Description And Operation: Notes
DESCRIPTION
The charging system consists of the following components:
| 1. | Refer to GENERATOR . |
| 2. | Refer to BODY CONTROL MODULE (BCM) . |
| 3. | Refer to INTELLIGENT BATTERY SENSOR (IBS) . |
| 4. | Refer to POWERTRAIN CONTROL MODULE (PCM) with internal Electronic Voltage Regulator (EVR). |
OPERATION
The PCM uses the Generator field duty cycle signal circuit or F-terminal circuit, to monitor the duty cycle of the generator. The Generator field duty cycle signal circuit connects to high side of the field windings in the Generator. A Pulse Width Modulated (PWM) high side driver in the voltage regulator turns the field windings ON and OFF. The PCM uses the PWM signal input to determine the Generator load on the engine. This allows the PCM to adjust the idle speed to compensate for high electrical loads. The PCM monitors the status of the generator field duty cycle signal circuit. When the key is in the RUN position and the engine is OFF, the PCM should detect a duty cycle near 0 percent. However, when the engine is running, the duty cycle should be between 5-95 percent.
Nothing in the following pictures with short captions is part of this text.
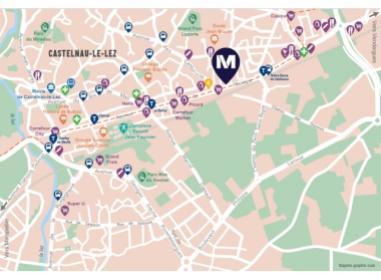 Projet immobilier Castelnau-le-Lez : Les Villas du Lez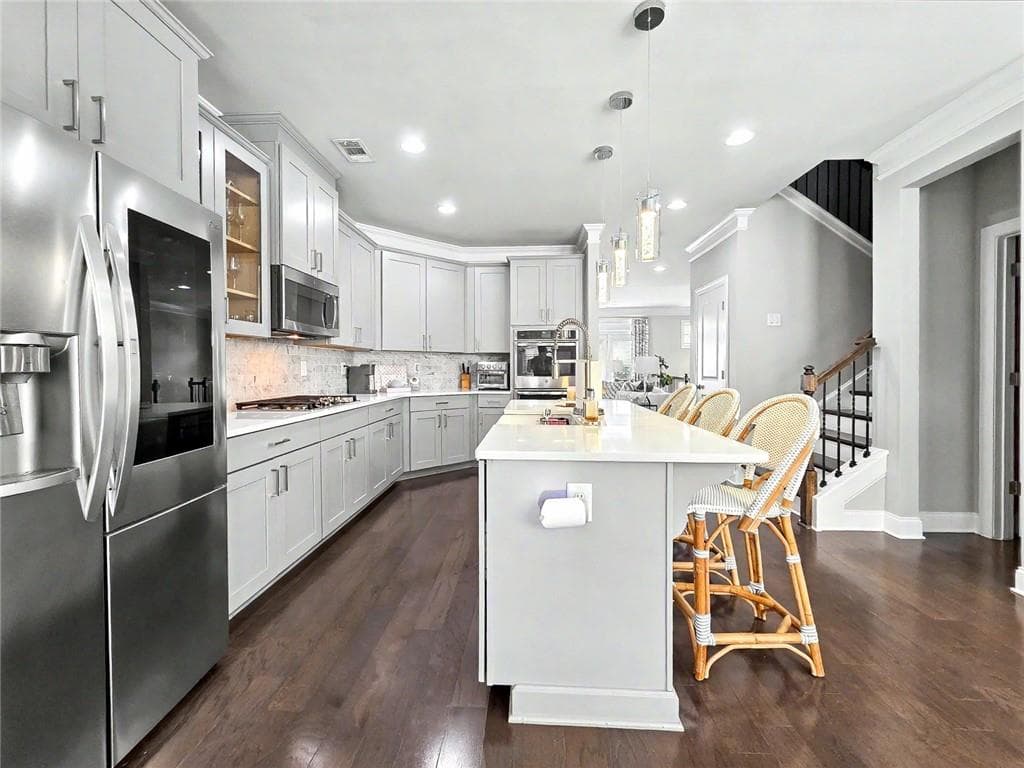 4 bedroom, 4 bathroom, 2,629 sq ft townhouse for sale at 3177 Quinn Place, Atlanta, GA 30341 — photo 10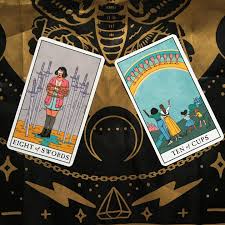 Tarot cards can also be used to answer simple yes or no questions. Easy Readings 1 2 And 4 Card Tarot Spreads Liminal 11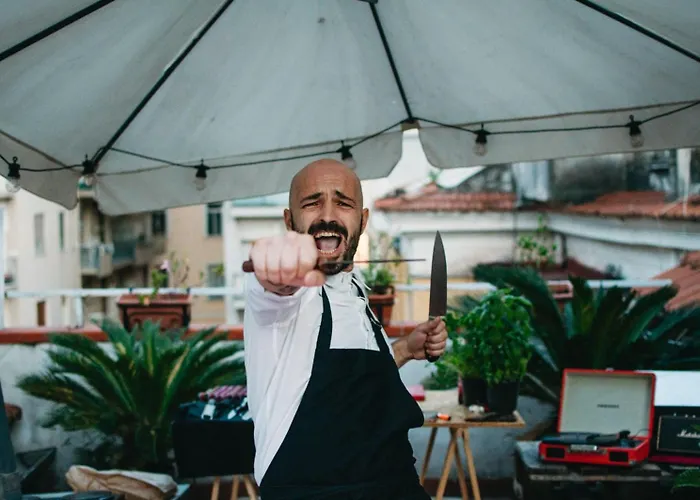 Maison Barriera - Luxury Suites - Salerno City Center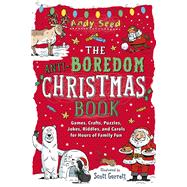 The Anti-boredom Christmas Book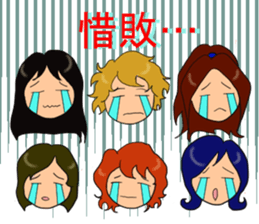 Soccer club mothers sticker #6966631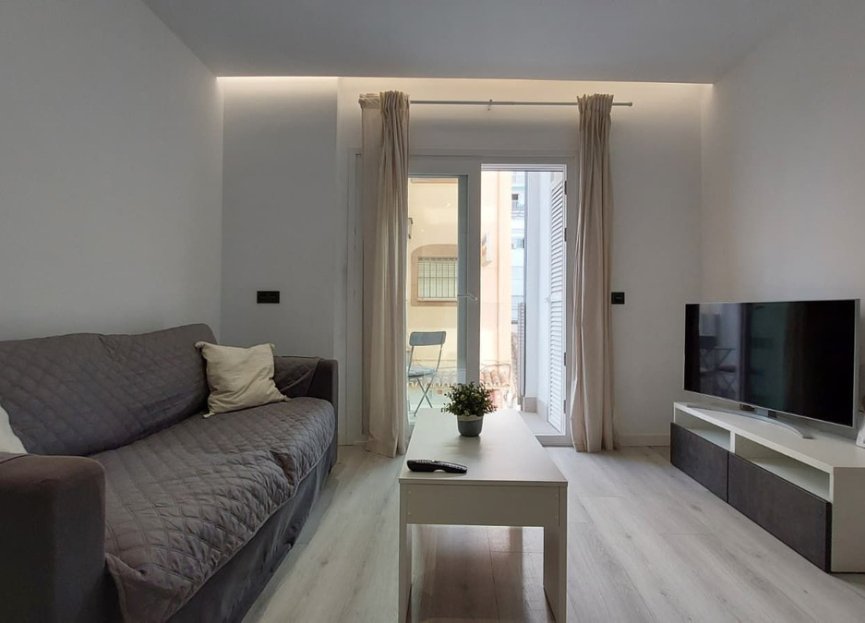 Resale - Apartment - Middle Floor Apartment - Fuengirola - Fuengirola Centro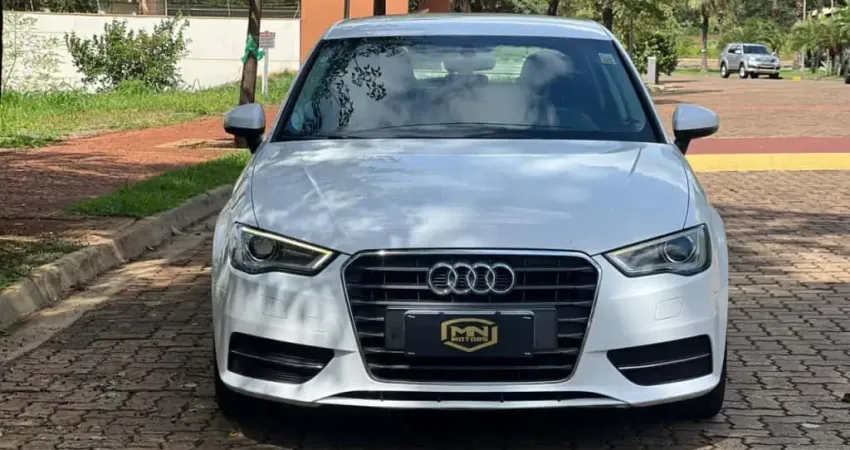 Audi A3 2016 1.4 tfsi sportback 16v gasolina 4p s-tronic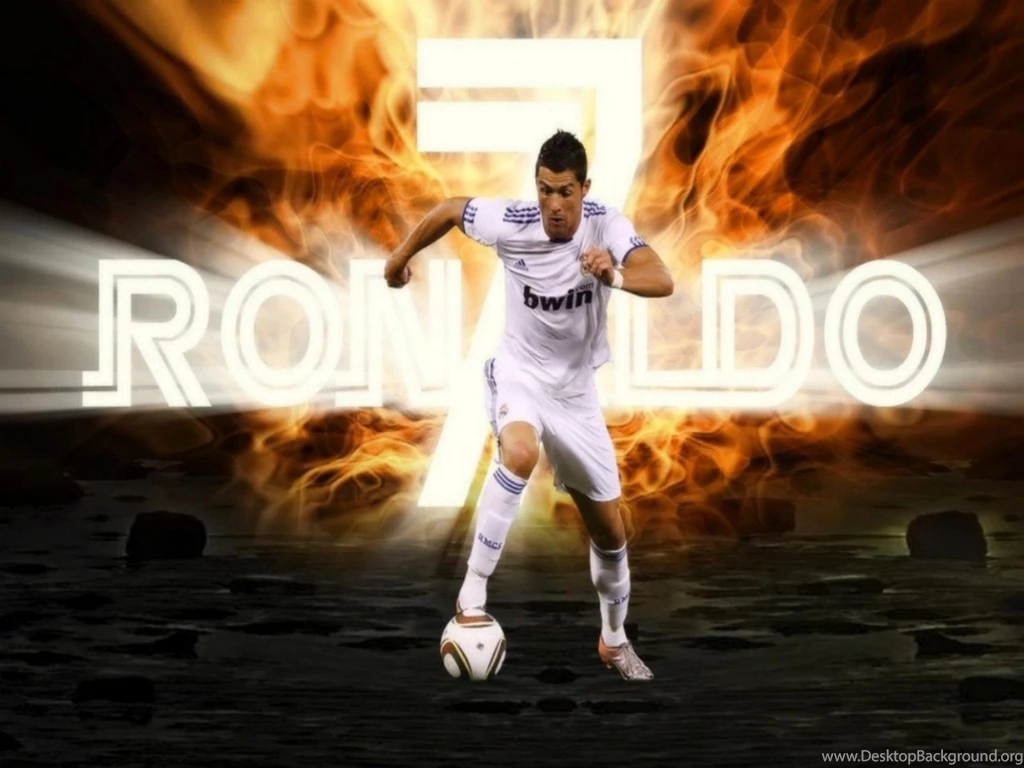 Ronaldo Real Madrid C.F. Beautiful HD Picture High Resolution Free ...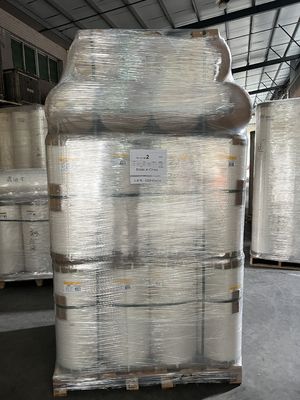 Filme de laminação térmica de 30 MICRONS com proteção anti-riscos extremamente forte e superfície lisa para laminação digital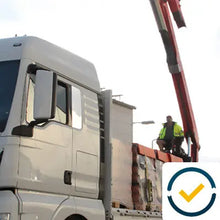 Online-Unterweisung „LKW-Ladekran“ by rennie.expert Christian Rennie - Trainer & Berater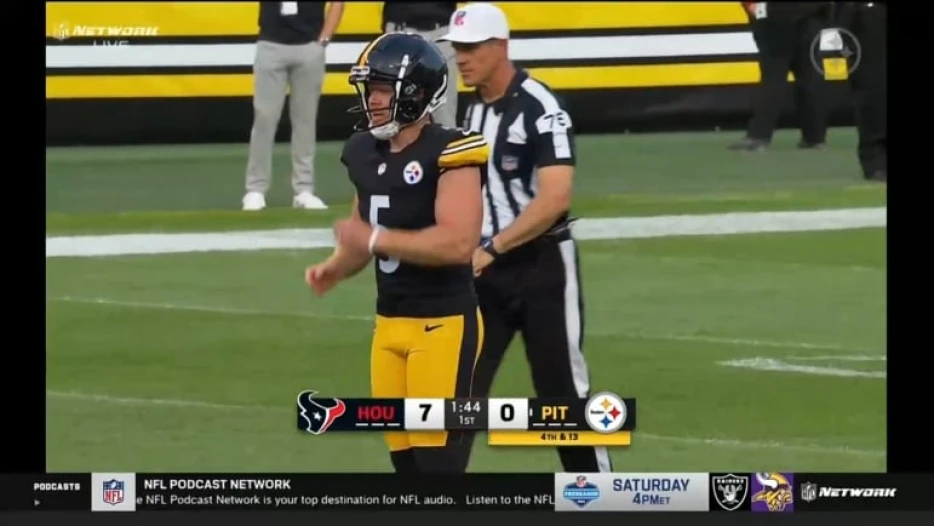 Mike Tomlin Appreciative Of ‘True Professional’ Cameron Johnston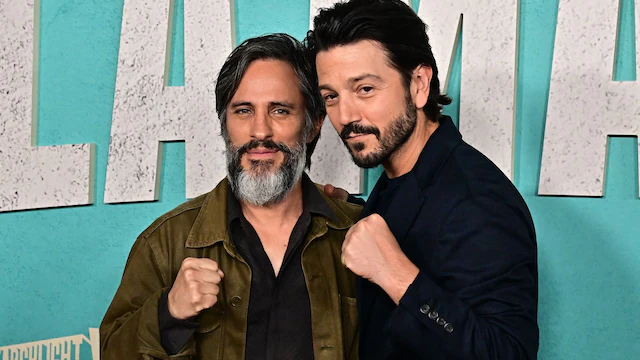 Gael García y Diego Luna se unen en 'La Máquina', la primera historia latina de Hulu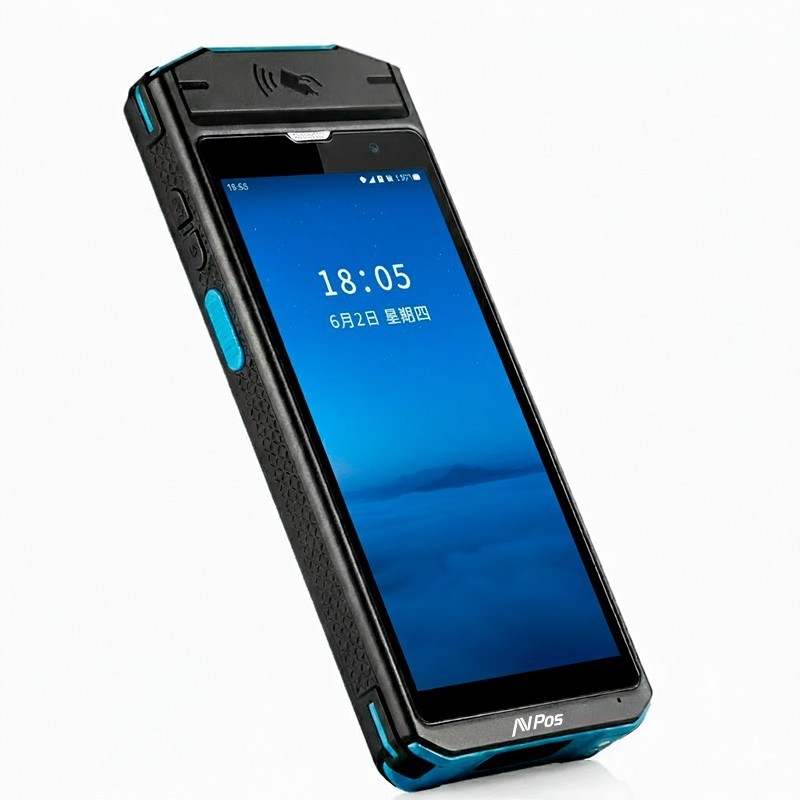 CAPTURADOR PDA AVPOS DC9000...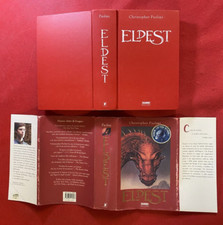 Christopher PAOLINI - ELDEST Fabbri (1° Ed 2005) Libro 2° L'EREDITA'
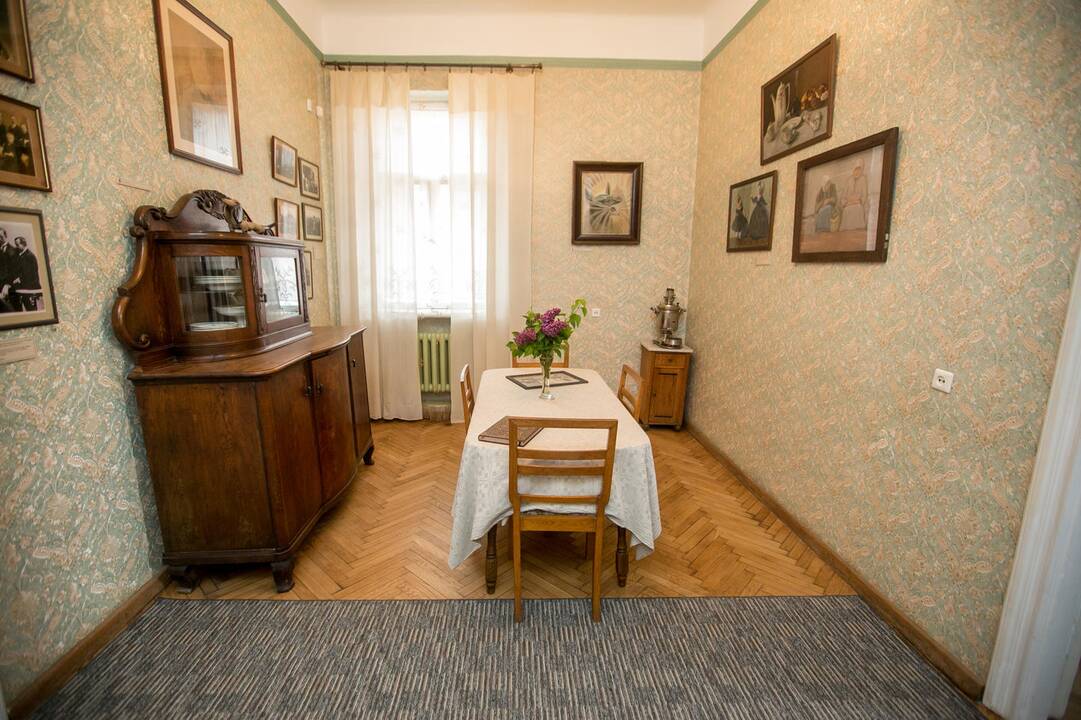 Ekskursija po J. Tumo - Vaižganto butą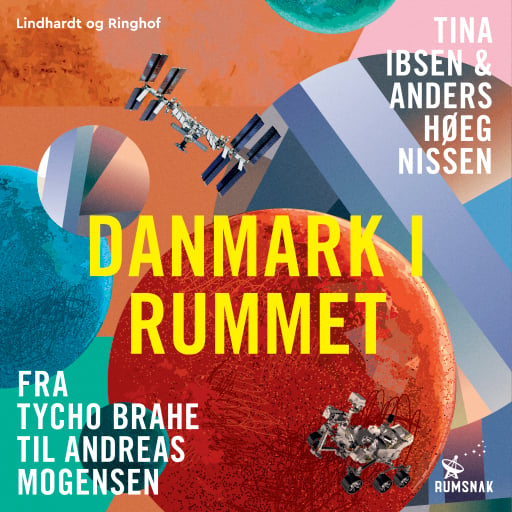 Danmark i rummet – Fra Tycho Brahe til Andreas Mogensen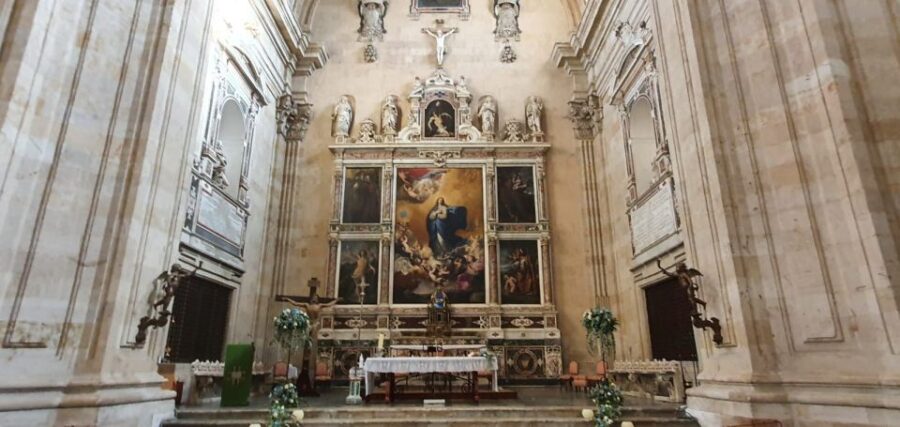 Salamanca: Convents, Monasteries, and Churches Private Tour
| 1 - Generator Field Circuit |
| 2 - PCM |
| 3 - Battery Sense Input |
| 4 - Power Distribution Center (PDC) |
| 5 - Battery |
| 6 - Generator |
| 7 - Resistor (Gasoline Engines Only) |
| 8 - Generator Case Ground |
| 9 - B(+) Circuit (Generator Output) |
| 10 - B(+) Sense Circuit |
| 11 - Starter |
The charging system is turned on and off with the PCM (2) and ignition switch with engine running. The field circuit will not be energized until engine is running and ignition switch is on. This voltage is connected through the PCM (2) and supplied to the generator field circuit (1) at the back of the generator (6). The generator (6) is internally grounded through the generator case ground (8). The generator (6) regulates the field using Pin 1 of the field connector (High side driver).
The generator (6) is driven by the engine through a serpentine belt and pulley arrangement.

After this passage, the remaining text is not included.